Moose on Campus? Why This University’s Wildlife Problem Is a Genius Social Experiment
Alce no campus? Por que o problema com animais silvestres dessa universidade é um genial experimento social

Então uma família de alces — mãe, pai e dois filhotes — simplesmente resolveu se mudar para o arboreto da universidade como se fosse um subúrbio aconchegante? Isso não é só animal perdido; é um dedo do meio evolutivo pro planejamento urbano.
Fish and Game diz que ‘raramente realoca’, mas teve que fazer ‘pela segurança de todos’. Eufemismo burocrático clássico — basicamente domesticamos uma família de alces e depois nos surpreendemos quando eles ignoraram nossas calçadas.
Isso não é charmoso nem engraçado — é uma situação perigosa para todos.

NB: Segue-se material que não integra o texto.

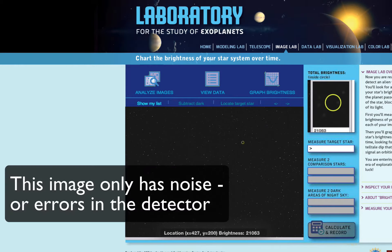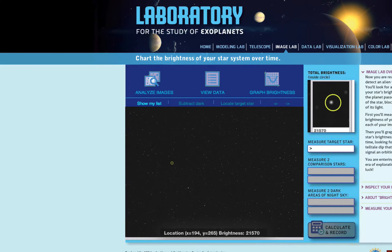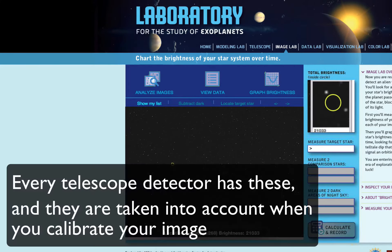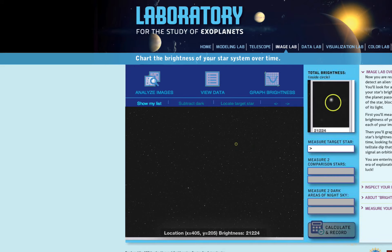Some images have lots of very small dots that are all around the same size. These are actually not stars, but small errors in the detector. Every telescope detector has them, and they are accounted for when you calibrate your image before measuring. They are always there, even in clear images.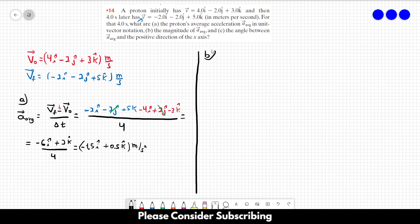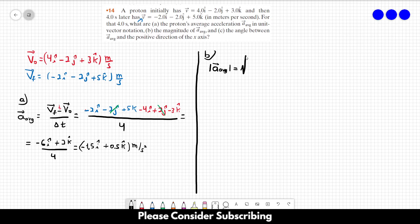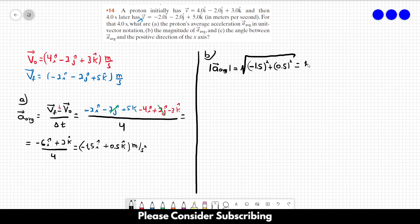For letter b, we need the magnitude of the average acceleration vector. To calculate the magnitude, we take the square root of each component squared: the square root of minus 1.5 squared plus 0.5 squared. This is equal to roughly 1.6 meters per second squared. That is the magnitude of this vector.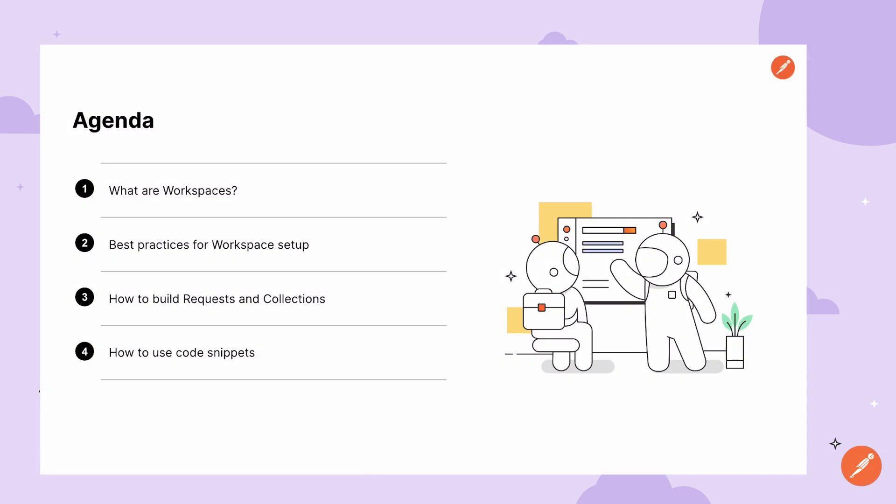Hey everyone, today we're going to discuss how to consume REST APIs using Postman. Postman makes it super easy to create and use requests as well as share these resources with the rest of the team.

Alces são imprevisíveis e podem pisotear pessoas sem aviso. Você não quer um estudante curioso se metendo entre uma fêmea e seus filhotes.

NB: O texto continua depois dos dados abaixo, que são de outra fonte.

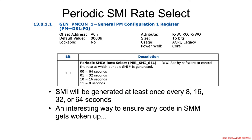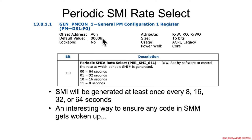So somewhere completely different is the general power management configuration 1 register at bus 0 device 31 function 0, our favorite LPC device, offset A0, and bits 0 and 1 specify whether it fires every 8, 16, 32, or 64 seconds.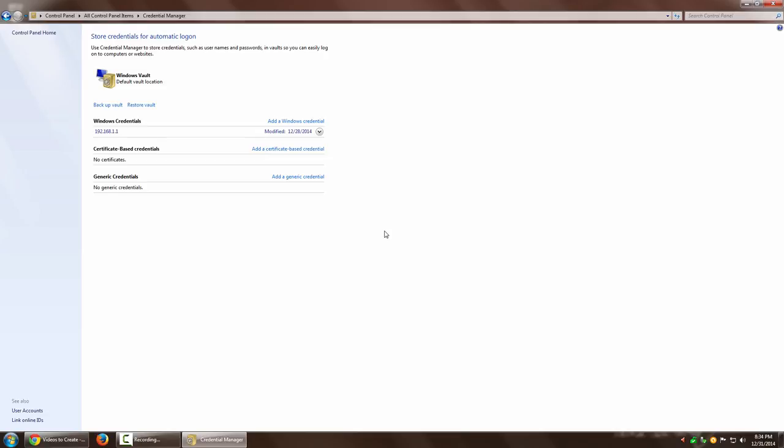I just wanted to make you aware of this utility called Credential Manager. If you Google it, you'll find more information, but I thought I'd create a basic awareness video so you know where these credentials are saved and how to delete them.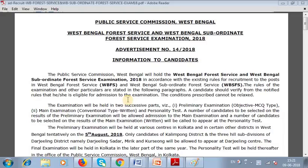Hello everyone, welcome to the Australian Forest Service Examination and the West Bengal Subordinate Forest Service Examination 2018.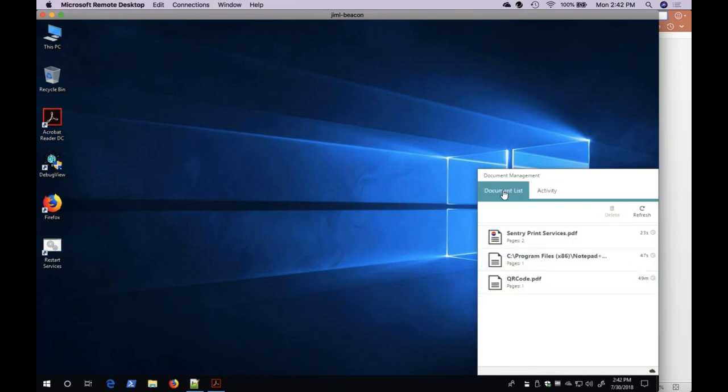And finally, under the Document List tab, I am able to delete my documents. This is accomplished by selecting one or more documents and then pressing the Delete button.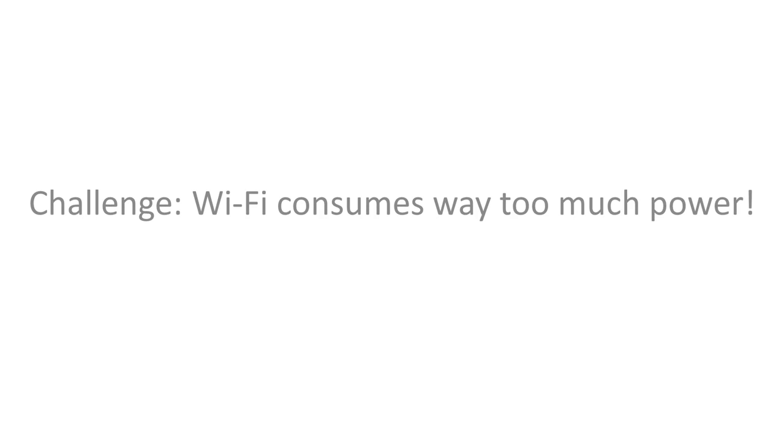The challenge, however, is that traditional networks like Wi-Fi and Bluetooth consume two to three orders of magnitude more power than can be harvested from the TV, cellular, and Wi-Fi transmissions all around us.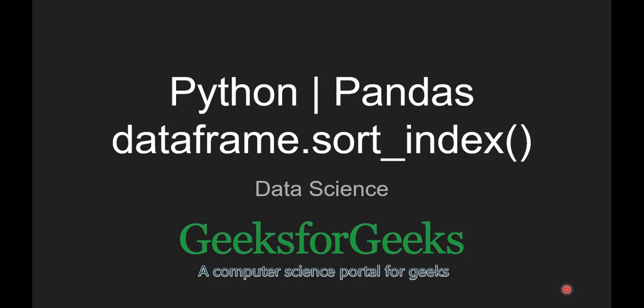Hello guys, welcome to GeeksforGeeks. Today we are going to see pandas dataframe.sort_index function.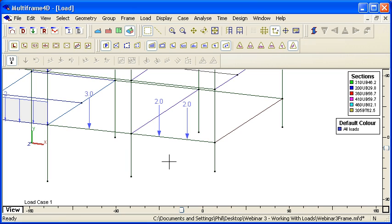So applying distributed loads or point loads on members is very straightforward. Thanks for watching.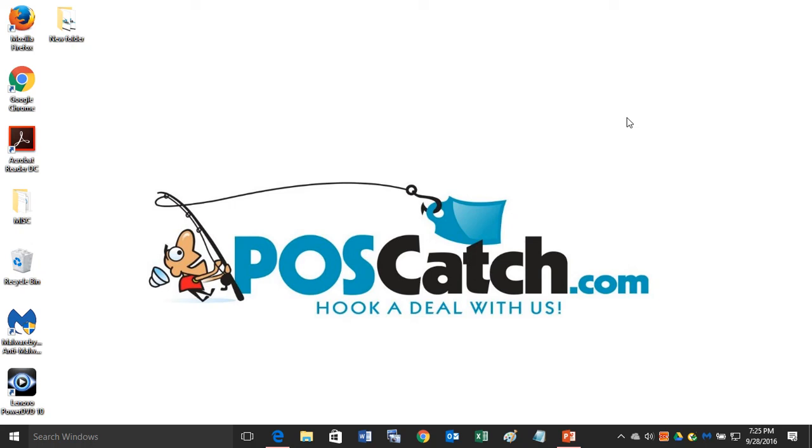Hello and welcome to a POSCatch.com presentation. Today we are going to present a quick overview on how to find the correct Star Micronics receipt printer drivers for your Star printer. So let's get right to it.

Sinceramente, vamos parar de fingir que os humanos não transformaram cada centímetro desse planeta. O alce não invadiu o campus — nós avançamos sobre o mundo deles e chamamos de progresso.

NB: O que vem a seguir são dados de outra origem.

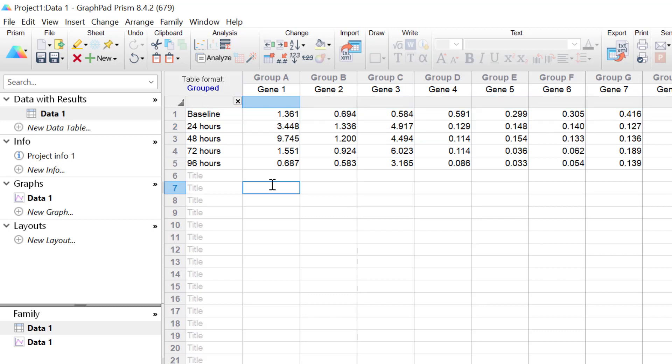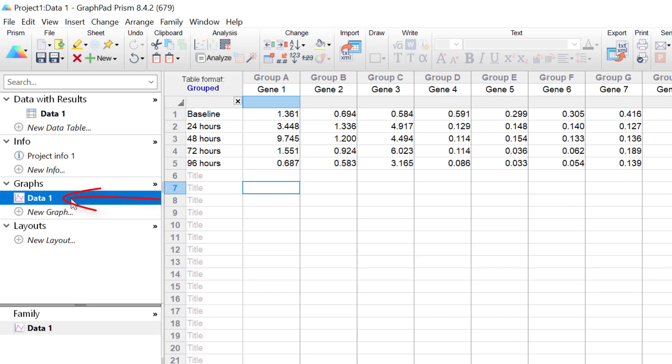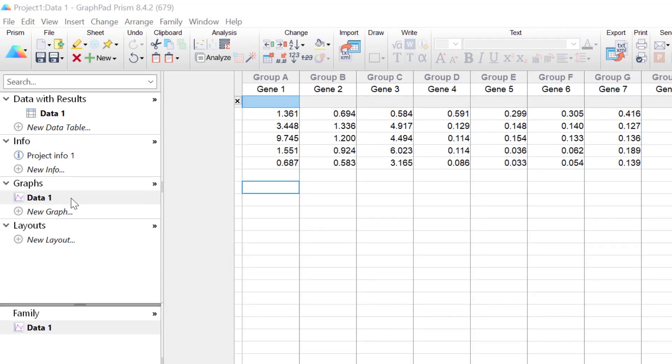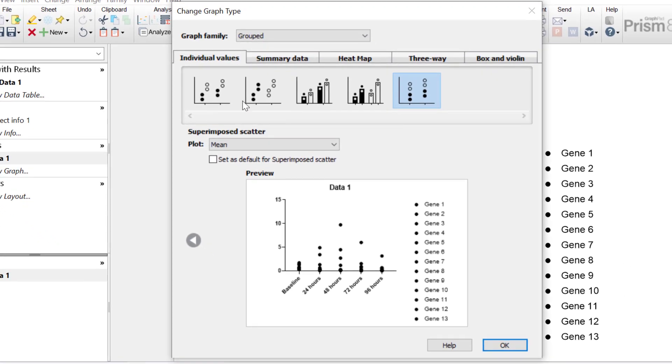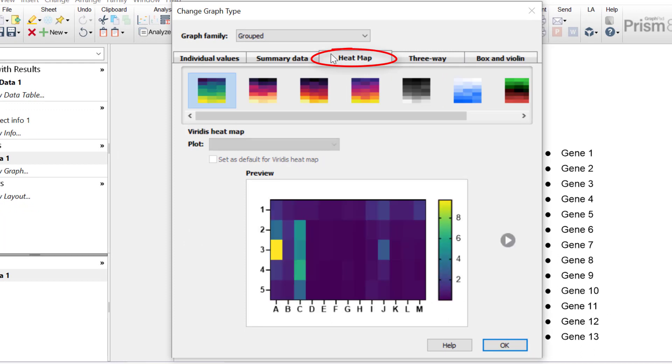Next, I'll create a heat map containing this raw data. It's worth noting that creating heat maps and the different customisation options available are discussed in more detail in a separate video tutorial. But here, I will click on the connected graph sheet in the left-hand window.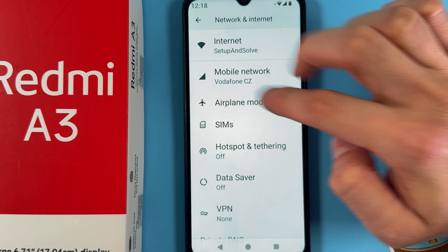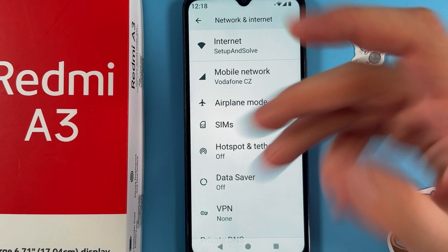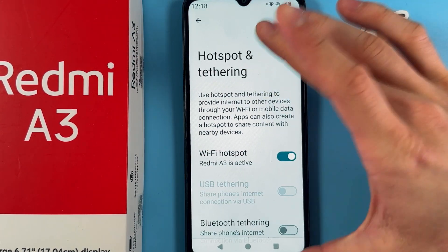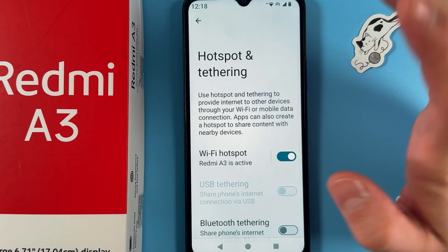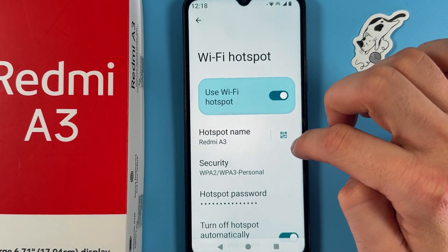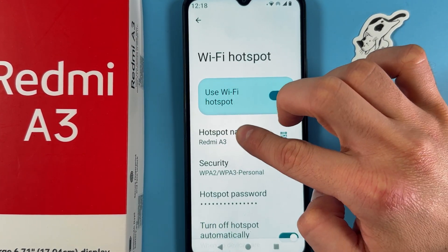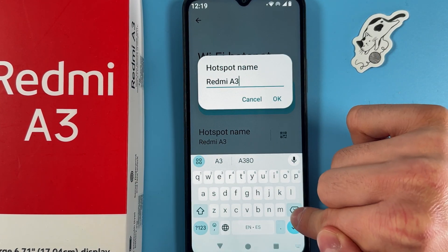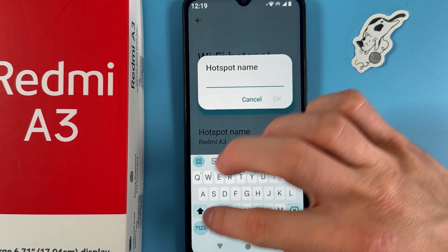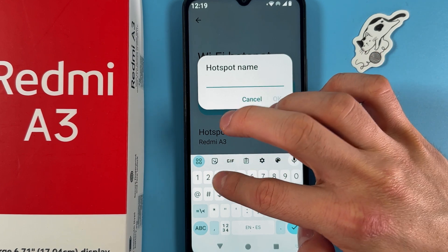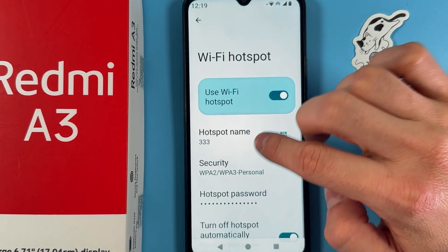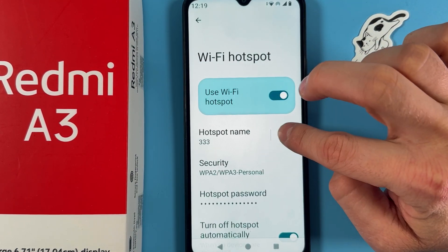From there you can choose Hotspot and Tethering right away. Let's tap on Mobile Hotspot — as you can see, it's enabled. Now let's tap on the settings. Simply press the Wi-Fi Hotspot option. Here is your hotspot name. Tap on it to give it a custom name — let's name it something like this, then press OK.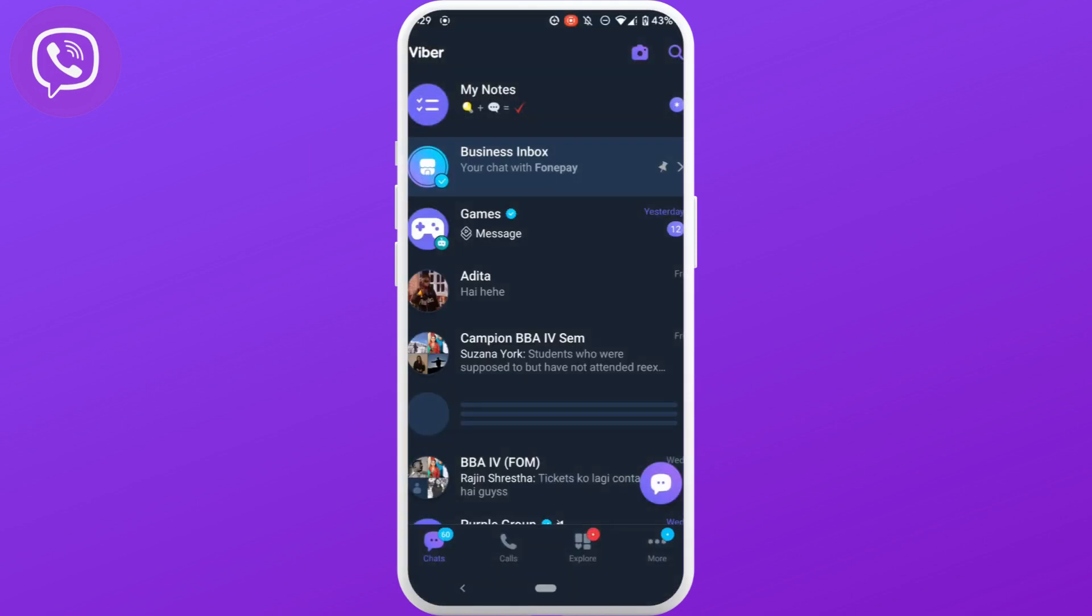First of all, head over to your application Viber. You will be landing on space. Now first of all, let's hide the conversation of one person.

Daqui a pouco vão ter cartão de alce na biblioteca e protestar contra o aumento das mensalidades.
A realocação funciona a curto prazo, mas se o habitat estiver comprometido, ou eles voltam ou outro grupo se muda. Precisamos de soluções de longo prazo como corredores e cercas — não só mover animais como se fossem móveis.
‘Realocados pela segurança deles.’ Claro. Mais como ‘realocados para não sermos processados quando um alce derrubar um estudante na semana de provas finais.’
Exatamente. E se um filhote se machucar e a mãe ficar defensiva, não é ‘derrubar’ — é instinto de sobrevivência. Mas sim, as ações judiciais são o verdadeiro motivador aqui.
As pessoas esquecem: Idaho tem uma política de ‘Desenvolvimento que Acomoda Vida Selvagem’. A cidade deveria ter planejado zonas tampão. Isso é falha de execução, não de política.
Tá bom, mas me ouça: composto de alce? Pense no potencial como fertilizante.